Gegenwärtig muss sich kein*e Forscher*in rechtfertigen, wenn er*sie Tieren Leid zufügt. Das was zählt, sind Beiträge in wissenschaftlichen Fachzeitschriften und Forschungsgelder. Genehmigungsbehörden prüfen zudem nur die Einhaltung von Formalien, aber nicht die Sinnhaftigkeit von Tierversuchen. Wer profitiert also wirklich von Tierversuchen? Silke Strittmatter von den Ärzten gegen Tierversuche meint:
„Wir Verbraucher hören immer wieder: Ja man braucht Tierversuche, um unsere Krankheiten zu verstehen und heilen zu können. Tatsächlich aber sind Tierversuche ein unglaublich lukratives Geschäft. Ganze Industriezweige verdienen Unsummen am Tierversuch. Man kann sich das so vorstellen, wie einen Kreislauf – ein sich selbst erhaltendes System, das auf dem Leid der Tiere aufbaut und kranken Menschen überhaupt nicht weiterhilft”.
Nicht die Gesellschaft mit seinen Individuen erhält einen Mehrwert, vielmehr ist es die Industrie, die Tiere heranzüchtet, Käfige zur Verfügung stellt und schließlich die getöteten Tiere wieder entsorgt, die von die Tierversuchen profitiert.
Es gibt Alternativen zu Tierversuchen.
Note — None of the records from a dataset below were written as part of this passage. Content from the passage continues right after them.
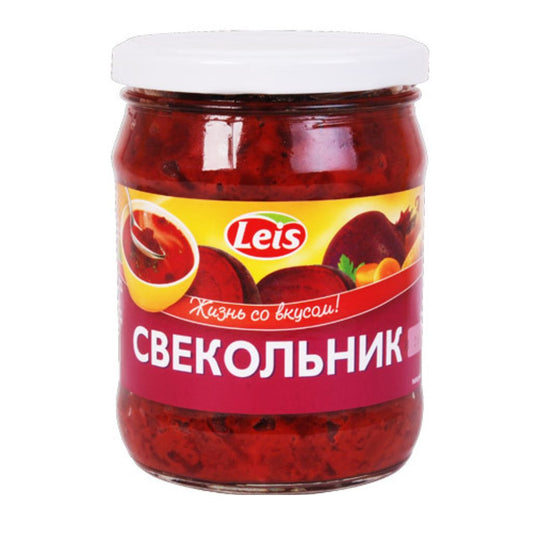 Leis Suppe "Swekolnik" 480g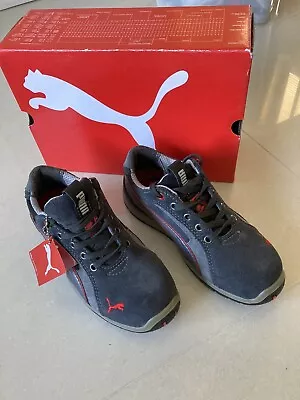 $129.95 • Buy New Puma Safety Shoes US Size 5 Men’s 23.5cm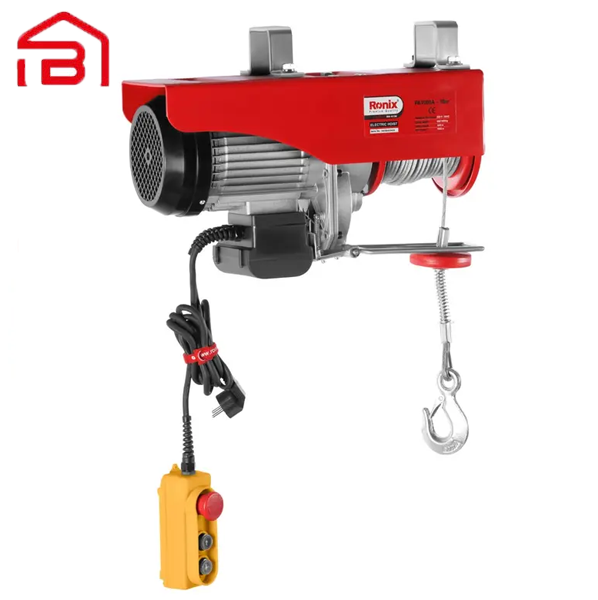 بالابر برقی 1000 کیلویی رونیکس مدل RH-4136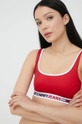 κόκκινο Bikini top Tommy Hilfiger Γυναικεία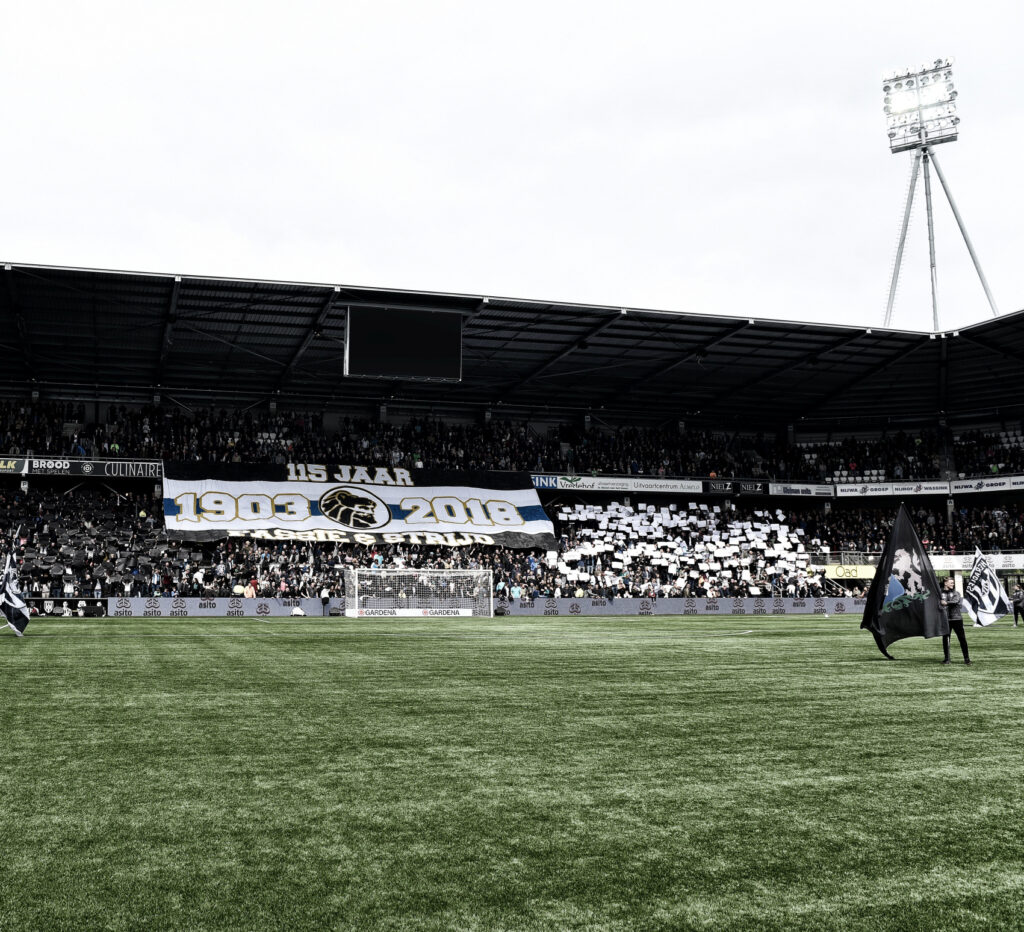 Heracles 115 jaar jubileum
Zum Beispiel können moderne Computersimulationen Auswirkungen von Therapien auf den menschlichen Organismus berechnen. Des Weiteren ist das Züchten von künstlichen Organen zu Forschungszwecken im Labor heute möglich.
Dieses Video informiert ausschließlich mit Hilfe von Animationen über Tierversuche. Es sind keine Aufnahmen von echten Tieren zu sehen:
https://youtu.be/xxFbQfbxXjI
Ärzte gegen Tierversuche kommen bald nach Münster:
Vom 26.10 bis zum 16.11. stellen die Ärzte gegen Tierversuche in der Volkshochschule (Aegidiimarkt 3) Informationen zu Tierversuchen und tierversuchsfreier Forschung vor. Neben der Ausstellung ist am Montag den 04.11. von 18 bis 19:30 ein Vortrag der Dipl.-Biol. Julia Radzwill zum Thema „Medizinischer Fortschritt ist wichtig – Tierversuche sind der falsche Weg!”. Am Freitag den 08.11. von 18 bis 19:30 hält Dr. med. Eva Kristina Bee zum Thema „Was hat denn unsere Ernährung mit Tierversuchen zu tun?” einen Vortrag. Der Eintritt ist für die Ausstellung als auch für die Vorträge frei.
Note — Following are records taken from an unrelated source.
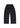 Harbin Puffer Pants Wide W3T4 - Black-Pants-Rains-Butler Loftet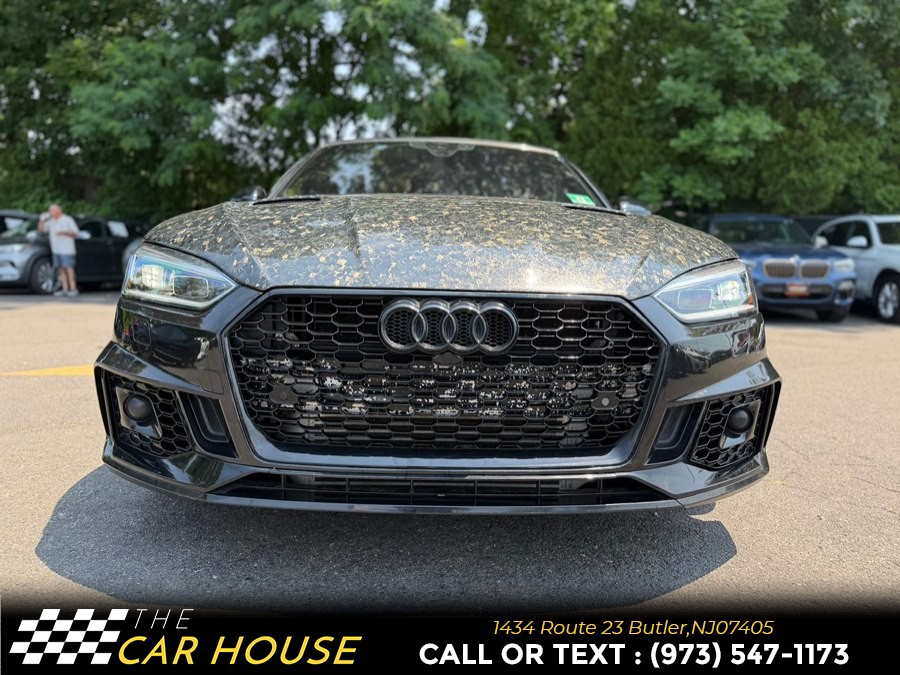 2018 Audi S5 Cabriolet 3.0T Premium Plus quattro Tiptronic's photo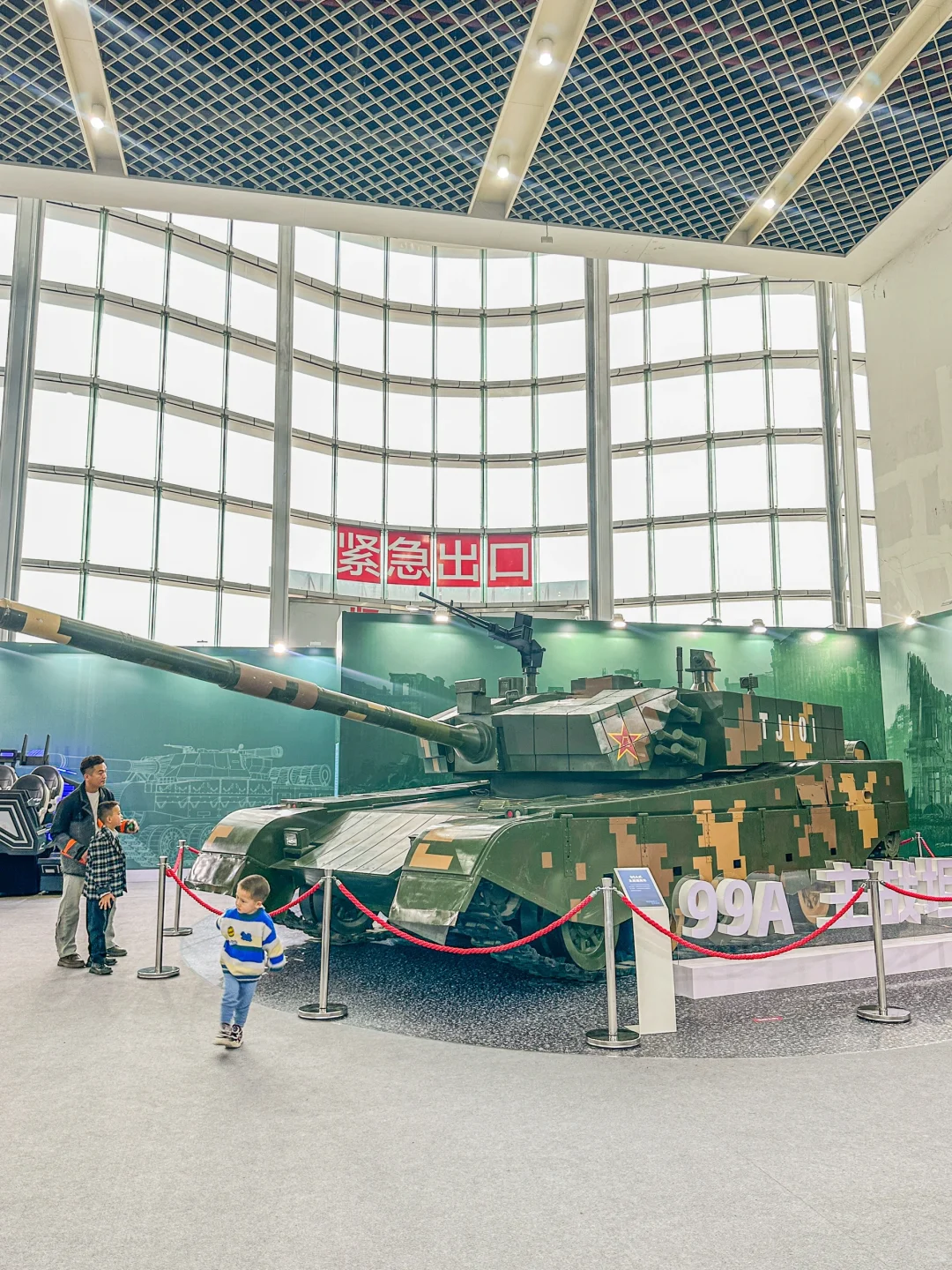 ?惠州也能看到航空✈️航天科技展啦！！！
https://www.aerzte-gegen-tierversuche.de/de/all-termine/3011-ausstellung-tierversuche-und-vortraege-in-der-vhs-muenster
Nach so viel Input gibt es dann am 23.11 ab 12 Uhr in der Stubengasse eine Demo gegen Covance in Münster, eines der größten Tierversuchslabore für Affen in ganz Europa. Ihr seid herzlichst eingeladen mit uns laut zu werden, um auf die schreckliche Tierquälerei aufmerksam zu machen.